What is the number of lines in the entries that contain "Light"? Reply with that number only.

▶ _THE RECORDS_:
***
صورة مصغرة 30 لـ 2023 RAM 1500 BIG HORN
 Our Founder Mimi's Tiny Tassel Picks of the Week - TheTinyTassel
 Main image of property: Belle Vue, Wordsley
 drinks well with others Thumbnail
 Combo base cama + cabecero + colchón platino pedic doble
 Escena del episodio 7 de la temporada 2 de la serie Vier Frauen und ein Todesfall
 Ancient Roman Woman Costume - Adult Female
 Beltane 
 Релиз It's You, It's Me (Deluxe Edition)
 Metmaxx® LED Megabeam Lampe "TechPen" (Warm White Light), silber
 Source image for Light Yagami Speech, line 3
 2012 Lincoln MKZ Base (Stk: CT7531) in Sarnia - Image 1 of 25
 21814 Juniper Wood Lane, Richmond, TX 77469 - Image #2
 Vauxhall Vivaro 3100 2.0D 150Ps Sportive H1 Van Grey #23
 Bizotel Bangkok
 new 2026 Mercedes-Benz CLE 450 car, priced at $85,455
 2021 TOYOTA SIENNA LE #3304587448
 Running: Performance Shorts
***
▶ _RESPONSE TO THE TASK_: 2